The best sequels aren't encores so much as continuations, extending and deepening a story—or, better still, evoking memories of the original in a meaningful way. Even so, the idea of a follow-up to Richard Linklater's bracingly romantic 1995 all-nighter Before Sunrise seems like a terrible miscalculation: Why spoil the bittersweet ambiguity of what happens after the two lovers part ways at a Vienna train station, hastily promising to meet again six months later? And yet nine years later, as the opening shots linger in anticipation of their Paris reunion in Before Sunset, it's hard to keep from welling up. The sensation is like skipping from the first act in Jacques Demy's The Umbrellas Of Cherbourg, where lovers also part at a station, to the final scene, when they've long since moved on with their lives but experience that fresh rush of emotion all over again. Little beyond a few pleasantries are exchanged between them, but the audience can safely guess that if they said what they were thinking, they'd both confess that neither has felt love as strongly since.

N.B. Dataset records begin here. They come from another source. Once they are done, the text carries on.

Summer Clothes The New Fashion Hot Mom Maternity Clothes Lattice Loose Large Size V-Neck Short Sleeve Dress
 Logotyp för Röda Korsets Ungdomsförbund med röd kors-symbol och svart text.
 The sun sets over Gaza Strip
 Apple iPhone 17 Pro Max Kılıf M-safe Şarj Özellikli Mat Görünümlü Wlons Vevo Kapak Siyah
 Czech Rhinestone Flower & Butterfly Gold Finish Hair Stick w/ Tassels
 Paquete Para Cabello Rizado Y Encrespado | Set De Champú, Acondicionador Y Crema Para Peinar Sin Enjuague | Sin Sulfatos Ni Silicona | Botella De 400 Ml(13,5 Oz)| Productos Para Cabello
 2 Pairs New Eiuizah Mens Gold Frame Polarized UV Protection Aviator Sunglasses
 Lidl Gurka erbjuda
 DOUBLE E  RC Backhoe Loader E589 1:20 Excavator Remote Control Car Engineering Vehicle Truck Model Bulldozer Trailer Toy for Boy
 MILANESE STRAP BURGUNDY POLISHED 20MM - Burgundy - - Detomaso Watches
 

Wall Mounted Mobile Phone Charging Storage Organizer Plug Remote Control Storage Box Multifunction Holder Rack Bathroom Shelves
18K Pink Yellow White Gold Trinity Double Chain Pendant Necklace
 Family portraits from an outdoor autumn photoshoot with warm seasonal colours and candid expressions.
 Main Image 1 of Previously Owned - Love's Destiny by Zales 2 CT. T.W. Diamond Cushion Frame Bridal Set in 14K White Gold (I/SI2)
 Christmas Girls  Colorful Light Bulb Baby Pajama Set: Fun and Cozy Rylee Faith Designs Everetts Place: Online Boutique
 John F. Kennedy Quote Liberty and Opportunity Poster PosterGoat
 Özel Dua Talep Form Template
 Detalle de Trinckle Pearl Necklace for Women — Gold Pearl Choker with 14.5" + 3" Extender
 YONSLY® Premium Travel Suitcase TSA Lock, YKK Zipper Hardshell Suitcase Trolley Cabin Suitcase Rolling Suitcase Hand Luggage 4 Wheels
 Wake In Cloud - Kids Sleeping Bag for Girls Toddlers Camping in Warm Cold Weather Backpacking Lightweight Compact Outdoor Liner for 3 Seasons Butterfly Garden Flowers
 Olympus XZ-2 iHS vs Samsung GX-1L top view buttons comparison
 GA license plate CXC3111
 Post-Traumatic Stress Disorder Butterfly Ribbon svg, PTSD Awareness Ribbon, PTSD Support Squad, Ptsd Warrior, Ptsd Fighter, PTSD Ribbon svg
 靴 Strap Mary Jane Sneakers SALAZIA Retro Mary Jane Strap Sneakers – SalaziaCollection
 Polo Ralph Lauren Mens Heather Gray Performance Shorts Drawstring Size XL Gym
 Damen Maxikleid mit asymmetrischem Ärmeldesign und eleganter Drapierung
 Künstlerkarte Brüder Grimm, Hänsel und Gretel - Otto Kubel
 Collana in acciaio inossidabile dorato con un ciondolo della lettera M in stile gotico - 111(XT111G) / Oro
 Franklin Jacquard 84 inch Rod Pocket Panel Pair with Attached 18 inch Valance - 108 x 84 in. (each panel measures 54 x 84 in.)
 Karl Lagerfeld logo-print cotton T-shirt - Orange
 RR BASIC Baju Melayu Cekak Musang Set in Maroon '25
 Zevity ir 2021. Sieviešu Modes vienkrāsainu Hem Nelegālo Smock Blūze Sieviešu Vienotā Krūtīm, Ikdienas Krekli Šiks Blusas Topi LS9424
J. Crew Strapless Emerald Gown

The ideal way for people to see Before Sunset is to have seen the earlier film on opening day and not revisited it since, so the original rendezvous syncs up perfectly with the faded (though still vivid) imprint of the characters' memories. In Paris to promote a teasingly autobiographical novel about the affair, American author Ethan Hawke serendipitously ends a European book-signing tour at his former lover Julie Delpy's favorite bookstore. In the hour or so before Hawke has to catch a plane back to the U.S., the two resume the impassioned and literate conversation they began nine years earlier. The more time they spend together, the more intimate the discussion gets, including some heartbreaking revelations about why they didn't reunite and how they really feel about each other.
When Hawke first beckoned Delpy off the train in Before Sunrise, he lured her with a half-sincere, half-smoke-and-mirrors speech about how she should take a chance or else feel some doubt in her romantic future. Though it seemed like a harmless come-on at the time, those words carry an achingly ironic resonance in Before Sunset, when the renewed pleasure they take in each other's company only deepens their regret about where life has steered them. Shooting in long takes, Linklater and his actors (who get co-screenwriting credit) allow the conversation to curlicue effortlessly from literate banter to matters of the heart, and sometimes to places in between. And, in the spirit of the original, Linklater closes with one of the best endings of its kind since George Romero's Martin.